IV. 69 – Président Bachar Al Assad :
un homme de parole, loin de la logorrhée occidentale
3ème partie
Dans la suite de l’entretien accordé à un journaliste de l’AFP, le 13 avril 2017, le président Bachar Al Assad devait évoquer, après la présumée attaque chimique menée, le 4 avril, à Khan Cheikhoun, attribuée sans preuve à l’armée syrienne, et après les frappes aériennes états-uniennes effectuées contre la base militaire de Al-Sharayt… le 7, en signe de représailles, son souci de libérer la Syrie du mensonge occidental. [SANA, L’Agence Arabe Syrienne d’Informations, Le président al-Assad : « Nous ne possédons pas d’armes chimiques et nous avons renoncé à tout notre arsenal », 14 avril 2017. Note de l’Auteuse : Quelques termes modifiés ou ajoutés sont en écriture romaine (non italique) ; la ponctuation n’a guère été changée ; les indications entre crochets sont de mon fait. La vidéo s’arrêtant après la 18ème question, plutôt que de choisir des images hors contexte, les images de 19 à 25 sont reprises à partir des débuts de la vidéo, sans le texte en arabe (qui ne correspond pas à la suite de l’entretien), accompagnées cependant d’une légende munie d’un astérisque (*) (parce qu’elle ne correspond pas à l’image).]
La 14ème question est apparemment naïve. Sans doute le journaliste veut-il épuiser le stock d’arguments sans preuve que certain(e)s de ses “confrères” ou de ses “consœurs” ne se priveraient pas d’utiliser, à un moment donné, contre le président Bachar Al Assad, contre le gouvernement et l’armée de la République Arabe Syrienne… À propos de la présumée attaque chimique à Khan Cheikhoun prétendument effectuée par l’armée syrienne…
« Si vous dites ne pas avoir donné l’ordre, est-il possible que des éléments dévoyés aient lancé cette attaque chimique depuis l’armée ? »
« L’armée syrienne est une armée régulière
et non pas de milices… »
…le Président Bachar Al Assad ne recule devant aucune réponse à apporter à une question, si modeste paraisse-t-elle :
« Premièrement, même s’il y a un élément incontrôlé, l’armée ne possède pas de matières chimiques. Deuxièmement, un élément dévoyé ne peut pas envoyer un avion de son propre chef, même s’il le veut. C’est un avion et non pas un petit véhicule ni une mitrailleuse. Ce serait possible si on parlait d’un pistolet que quelqu’un manipule à sa guise et utilise pour violer la loi, chose qui peut arriver partout dans le monde, mais c’est impossible lorsqu’il s’agit d’un avion. Et troisièmement, l’armée syrienne est une armée régulière et non pas de milices. Elle est structurée et hiérarchisée, avec des mécanismes très clairs pour donner des ordres. Il n’est donc jamais arrivé, durant les six dernières années de guerre en Syrie, qu’un élément rebelle ait tenté d’agir contre la volonté de ses supérieurs. »
15ème question :
« Les Russes vous ont-ils mis en garde avant la frappe américaine ? Étaient-ils présents à la base aérienne ? »

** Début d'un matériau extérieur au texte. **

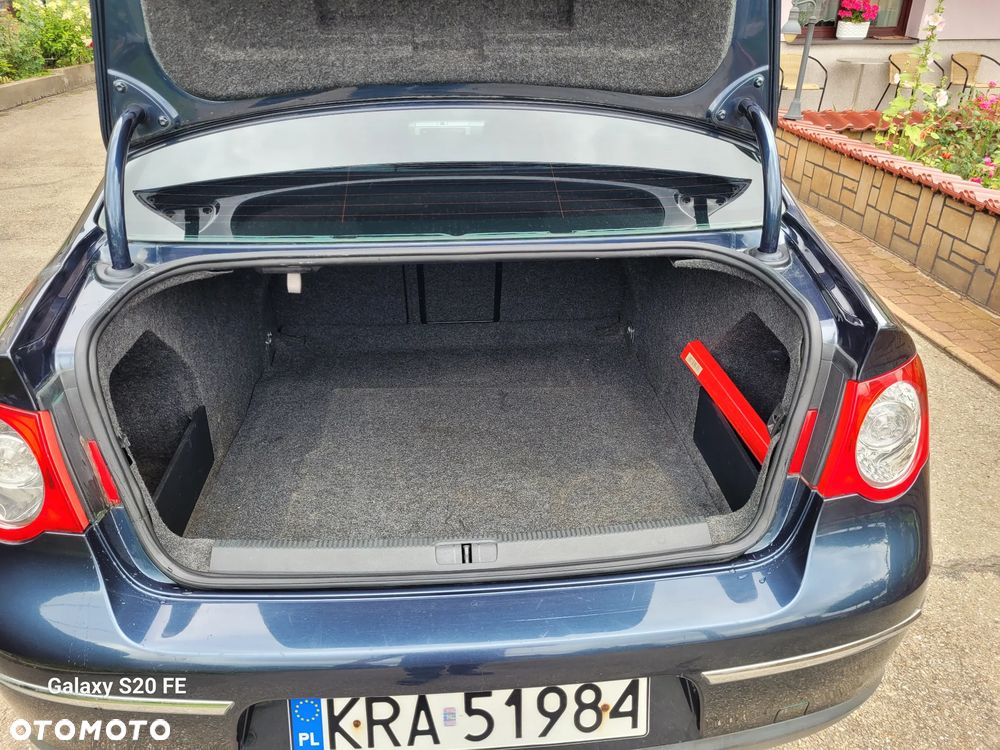 Volkswagen Passat 2.0 TDI Trendline - 12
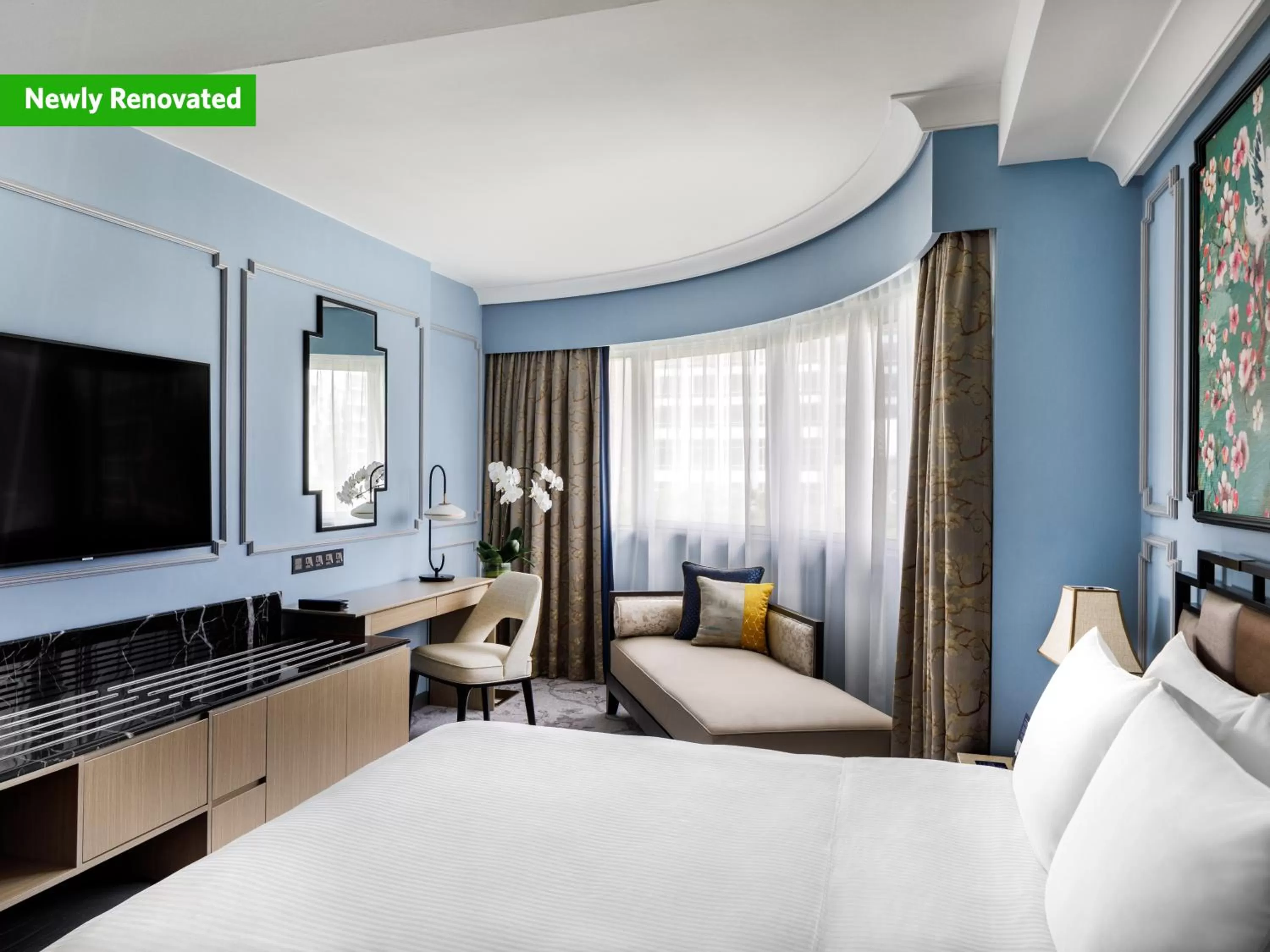 Living room, Bed in Copthorne King's Hotel Singapore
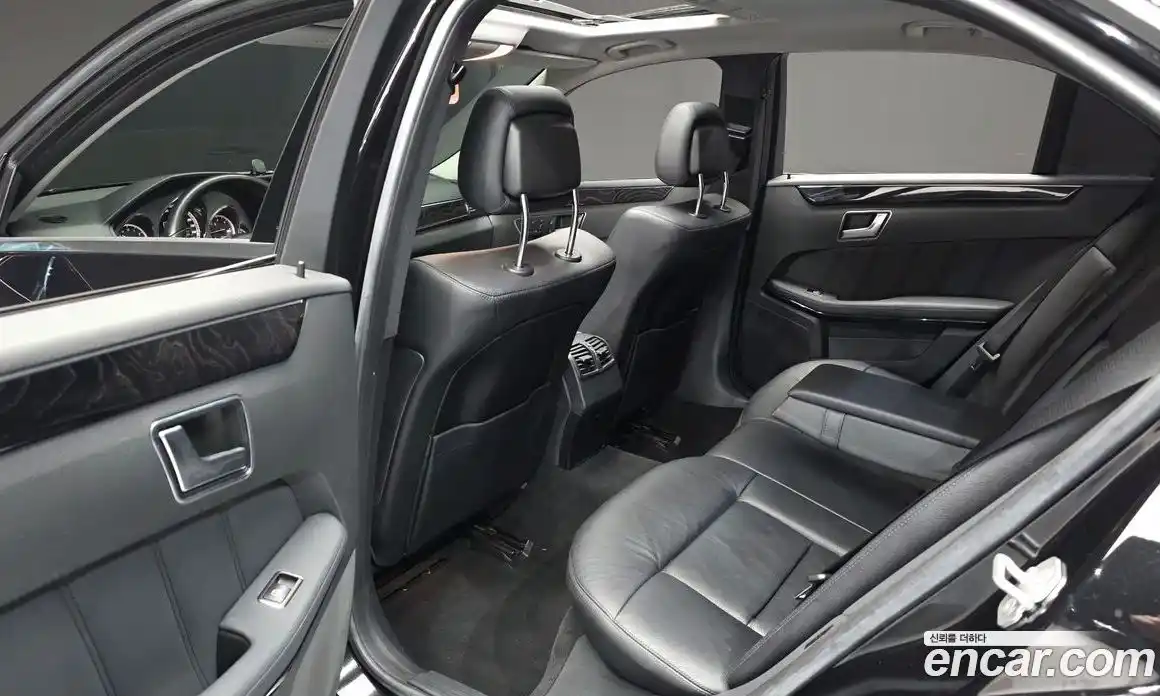 Mercedes-Benz E-Class 2013 2.1 Автомат в Москве № 467057, фото 12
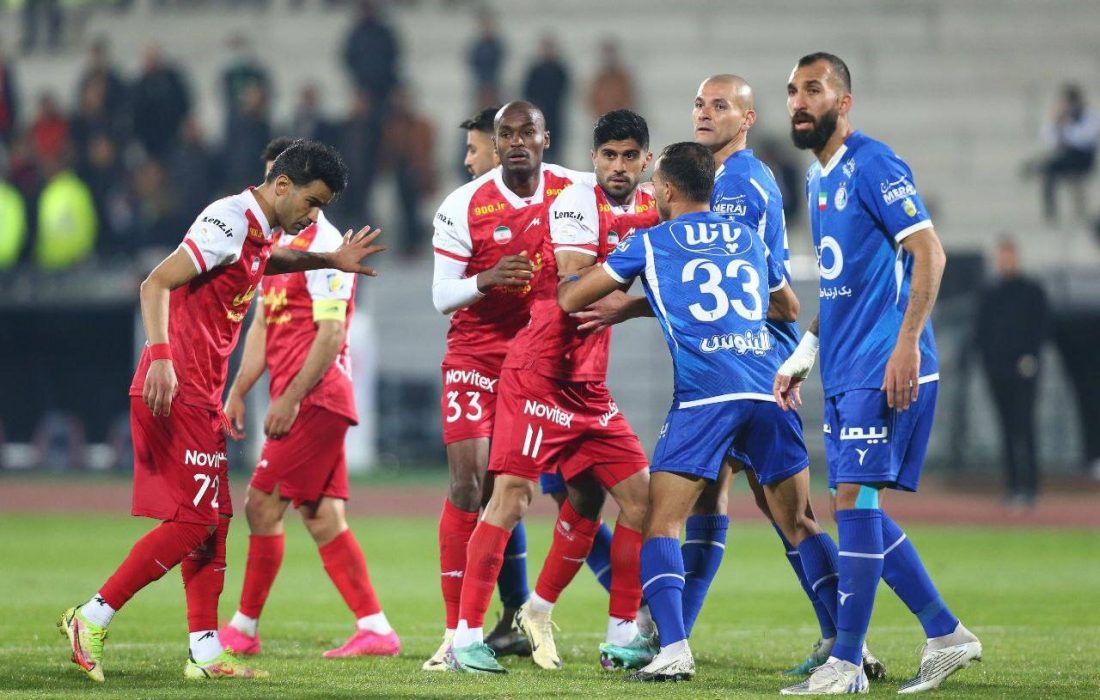 جنگ قهرمانی بین استقلال و پرسپولیس؛ کدام تیم جام را بالای سر می‌برد؟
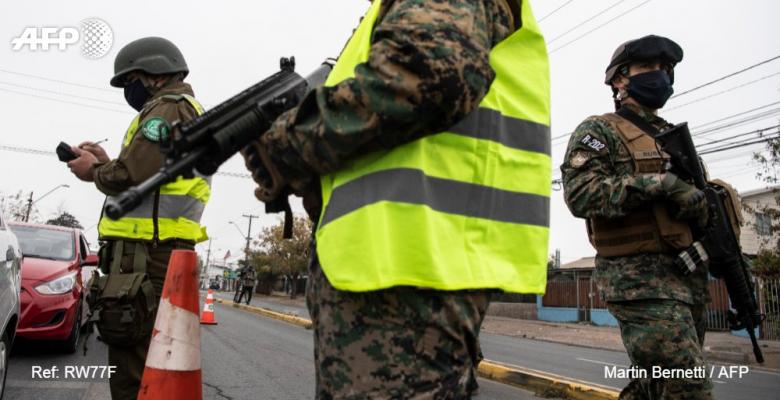 Chile: Militares se despliegan en zonas pobres tras protestas
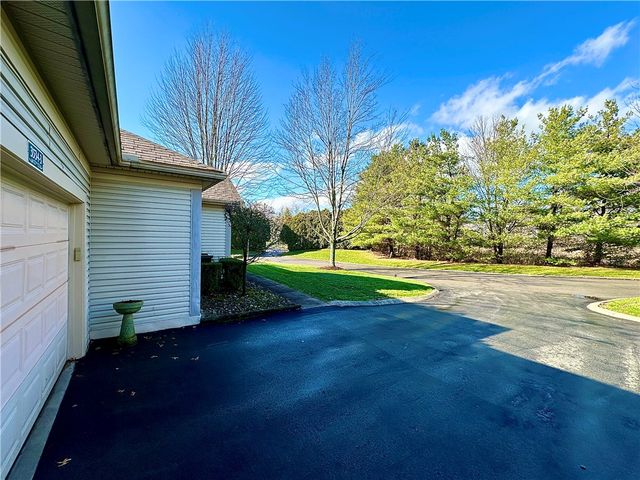 3534 Hunters Woods Blvd 3, Neshannock Twp, PA 16105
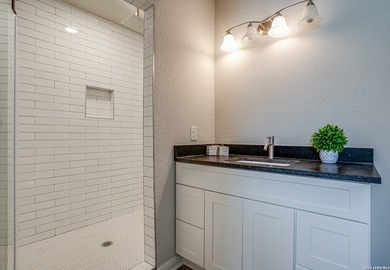 Fully Renovated Home in Jefferson Terrace - Move-In Ready with - photo 21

Cette question est importante car les États-Uniens ne se gênent pas pour effectuer des frappes aériennes meurtrières tout en disant que les uns (les Syriens) étaient prévenus par les autres (les Russes) puisque eux-mêmes avaient prévenu les Russes… Ce qui renvoie la responsabilité des morts… non sur ceux qui agressent mais sur ceux qui étaient prétendument prévenus et qui devaient prévenir les futurs agressés…
« Les américains les avaient avertis
quelques minutes seulement avant l’attaque,
ou comme certains le disent “après l’attaque”. »
Le Président Bachar Al Assad sait donc à quoi s’en tenir quant à la responsabilité ou, plutôt, à l’irresponsabilité de la coalition occidentale menée par les États-Unis :
« Non, ils [les Russes] ne nous ont pas avertis parce qu’ils n’en ont pas eu le temps. Les américains les avaient avertis quelques minutes seulement avant l’attaque, ou comme certains le disent “après l’attaque”. Les missiles mettent quelque temps pour arriver jusqu’à la base [qui était la cible]. Mais, en fait, nous disposions de quelques indices, et nous avons pris certaines mesures. »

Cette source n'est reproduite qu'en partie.